A common optimality criterion is the D-criterion (Atkinsson et al. (2007)), defined as maximizing the determinant of the information matrix. It is asymptotically equivalent to minimizing the covariance matrix. However, since the problem here is to estimate a set of unidimensional parameters, it is not a multidimensional problem in the true sense. Using the D-criterion can, therefore, make it more difficult to control individual objectives (van der Linden (2005)). Another common criterion, more suitable in this case, is the maximin criterion $Ψ (J (θ | a, b) = \min_{j} (I (θ_{j}))$ (Berger, 1998; van der Linden & Boekkooi-Timminga, 1989), which can be solved using linear programming.

Berger (1998) examined the optimal selection of items for estimation of the abilities θ with good precision for a population of examinees and presented the results for the maximin and D-criterion when the examinees’ abilities are normally or uniformly distributed. The results for the normal distribution indicated that the difficulty parameter b should be close to the mode of the ability distribution when the discrimination parameter a where kept constant and at the levels a = 0.5, 1, 1.5. When a = 2 (and larger), the optimal selection of item difficulties b also follows a normal distribution.
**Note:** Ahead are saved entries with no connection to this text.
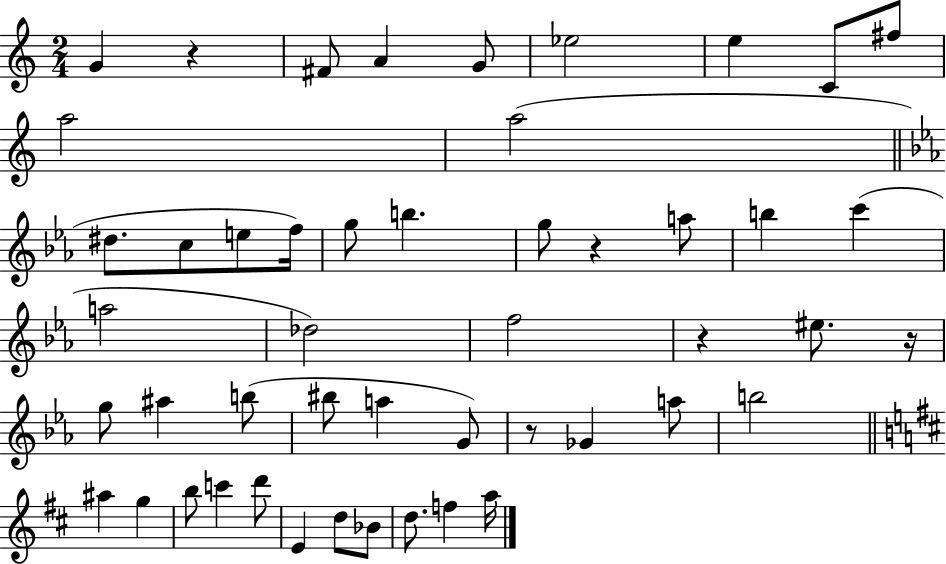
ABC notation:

X:1
T:Untitled
M:2/4
L:1/4
K:C
G z ^F/2 A G/2 _e2 e C/2 ^f/2 a2 a2 ^d/2 c/2 e/2 f/4 g/2 b g/2 z a/2 b c' a2 _d2 f2 z ^e/2 z/4 g/2 ^a b/2 ^b/2 a G/2 z/2 _G a/2 b2 ^a g b/2 c' d'/2 E d/2 _B/2 d/2 f a/4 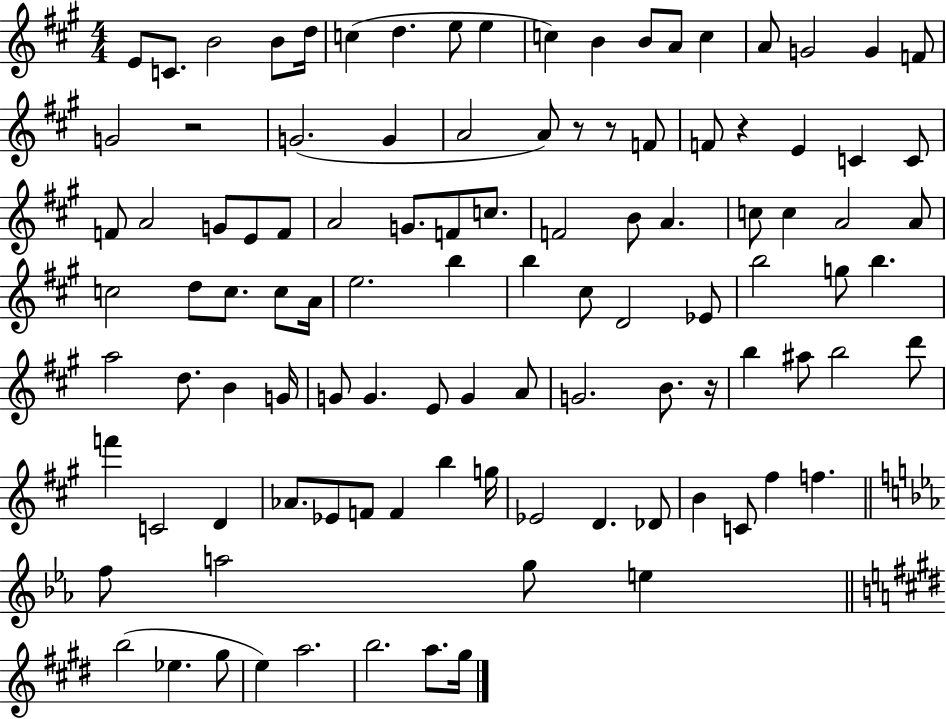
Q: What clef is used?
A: treble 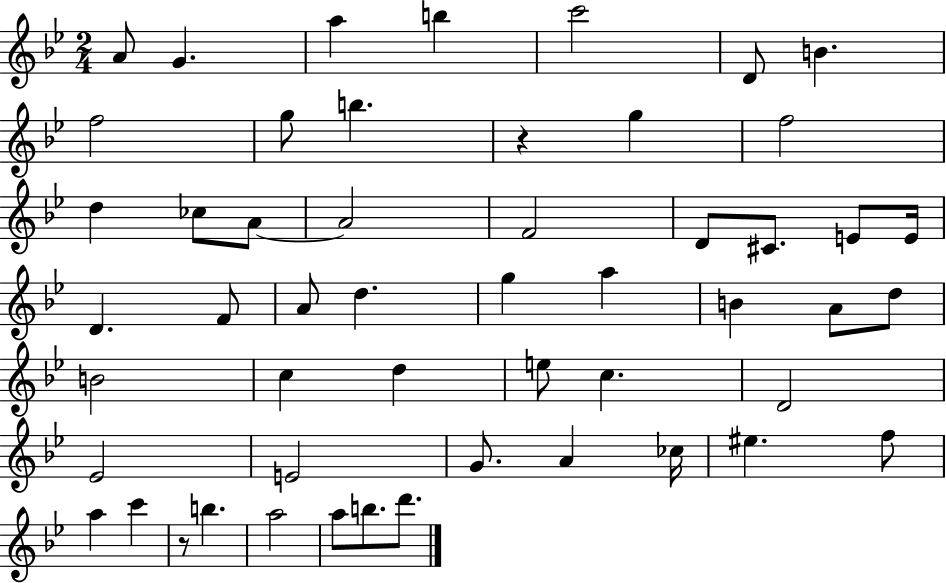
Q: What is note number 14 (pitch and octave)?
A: CES5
When optimizing the variance of $\hat{d}$ , being the objective here, equation (2) already provides us with a unidimensional criterion. Hence, it is not necessary to apply any other optimality criterion. We therefore propose to approach the problem by using a weighted sum applied on J , where the function Ψ is defined by equation (2). We call it the multi-objective weighted sum criterion.

If the objective were to minimize the variance of the mean, one can use the function

Ψ_{μ} (J (θ | a, b), W) = \sum_{j = 1}^{l} w_{j} (\frac{1}{\sum_{i = 1}^{n} I_{i} (θ_{j})})

(5)

where b = (b₁, …, b_n) is the vector of item difficulties in the test of length n, and a = (a₁, …, a_n) is the item discrimination parameter. The weights w_j reflect the distribution of the examinees’ abilities.
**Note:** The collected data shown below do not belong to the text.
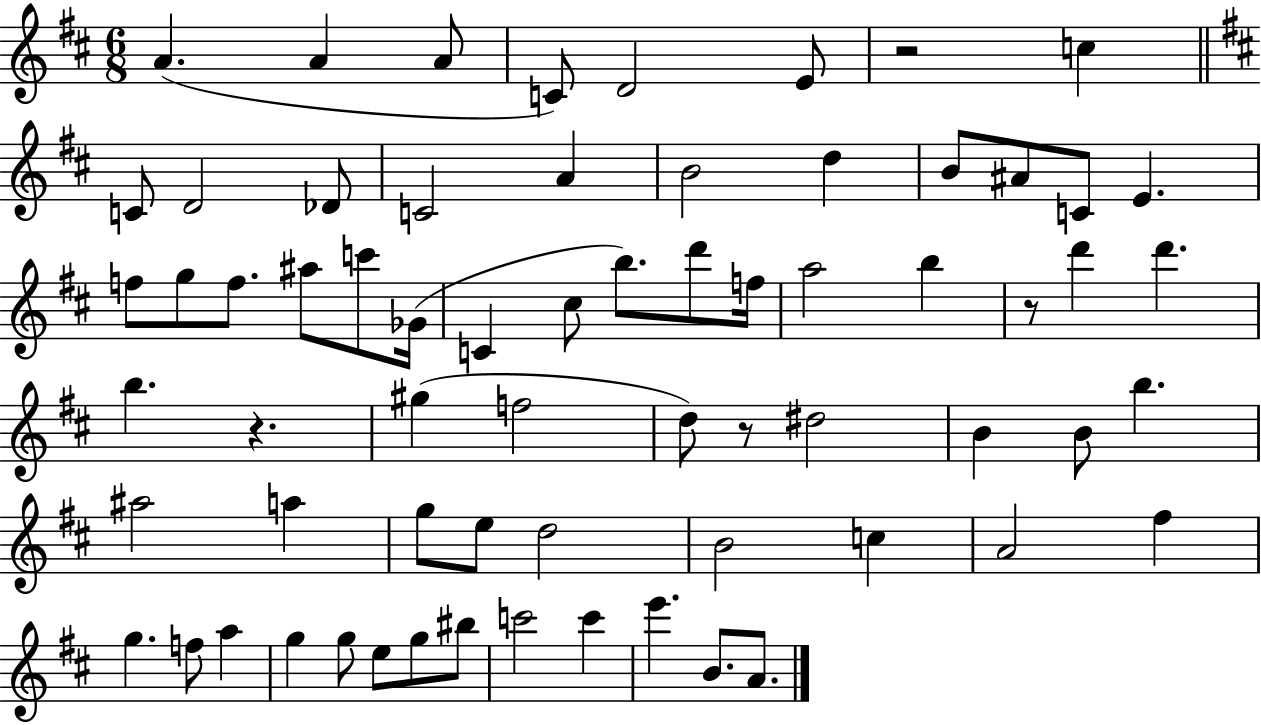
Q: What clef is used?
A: treble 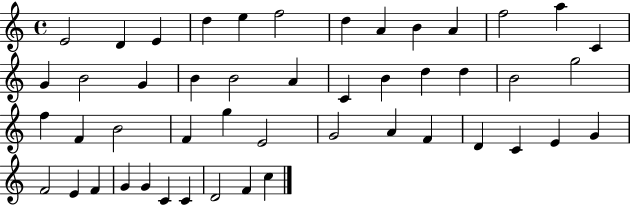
X:1
T:Untitled
M:4/4
L:1/4
K:C
E2 D E d e f2 d A B A f2 a C G B2 G B B2 A C B d d B2 g2 f F B2 F g E2 G2 A F D C E G F2 E F G G C C D2 F c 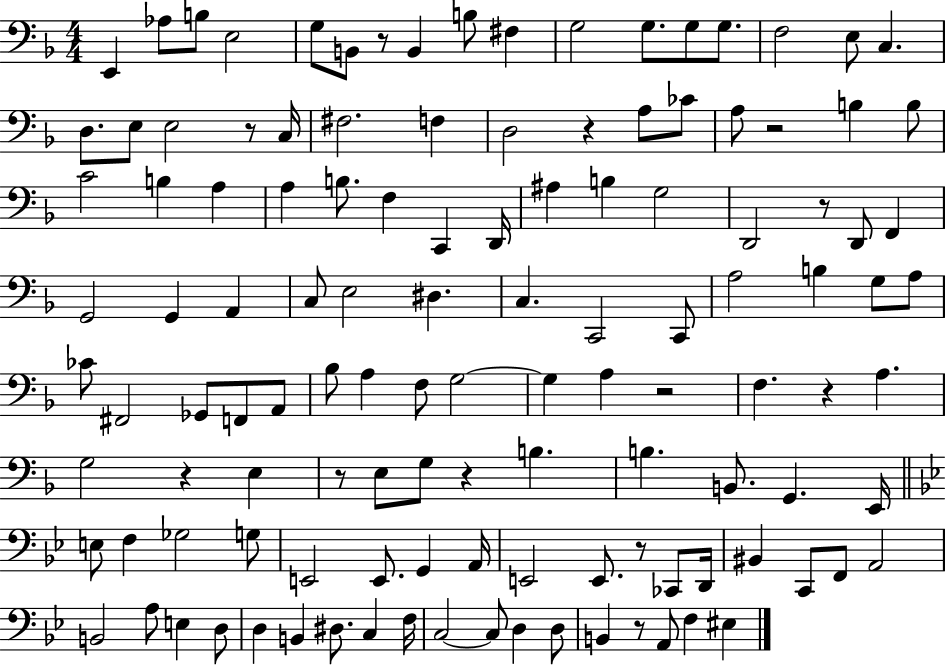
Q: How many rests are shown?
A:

When minimizing the variance of the difference between two means, we introduce the criterion

Ψ_{d} (J (θ | a, b), W) = \sum_{j = 1}^{l} (w_{j, 1} (\frac{1}{\sum_{i = 1}^{n_{1} + n_{c}} I_{i} (θ_{j, 1})}) + w_{j, 2} (\frac{1}{\sum_{i = n_{1} + 1}^{n_{1} + n_{2} + n_{c}} I_{i} (θ_{j, 2})}))

(6)

where

b = (b_{1}, \dots, b_{n_{1} + n_{2} + n_{c}})

is the vector of item difficulties of Tests 1 and 2, with the common items arranged in the middle. We will assume a normal distribution of the abilities, but other choices are also possible. We discretize

R

and choose l equidistant values for the abilities θ_j,1 and θ_j,2 along the real line. The weights are created by letting w_j,1 = f (θ_j,1) and w_j,2 = f (θ_j,2), which are the values of the probability density functions at ability level θ_j,1 and θ_j,2, respectively. The weights are standardized such that

\sum_{j = 1}^{l} w_{j, 1} = \sum_{j = 1}^{l} w_{j, 2} = 1

. We will assume that the distribution of the abilities of the two populations are

N (\pm \frac{d}{2}, 1)

, respectively, where d is the growth in mean ability. We will further assume that the item discrimination parameters a are held constant at different levels.
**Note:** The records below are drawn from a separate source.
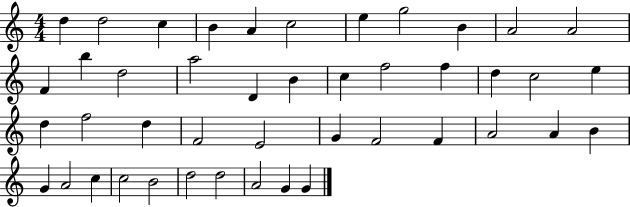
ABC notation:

X:1
T:Untitled
M:4/4
L:1/4
K:C
d d2 c B A c2 e g2 B A2 A2 F b d2 a2 D B c f2 f d c2 e d f2 d F2 E2 G F2 F A2 A B G A2 c c2 B2 d2 d2 A2 G G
When minimizing the variance of the estimated percentile difference, we introduce the criterion

Ψ_{d_{p}} (J (θ | a, b), W) = w_{1 p} (\frac{1}{\sum_{i = 1}^{n_{1} + n_{c}} I_{i} (θ_{1 p})}) + w_{2 p} (\frac{1}{\sum_{i = n_{1} + 1}^{n_{1} + n_{2} + n_{c}} I_{i} (θ_{2 p})})

(7)

where p is the pth percentile. The weights are now defined as w_1p = f (θ_p,1) and w_2p = f (θ_p,2) and are standardized such that w_1p + w_2p = 1.

Equations (6) and (7) are weighted sums, and we will use particle swarm optimization to obtain the values of the item difficulty parameters that minimize the functions in the equations.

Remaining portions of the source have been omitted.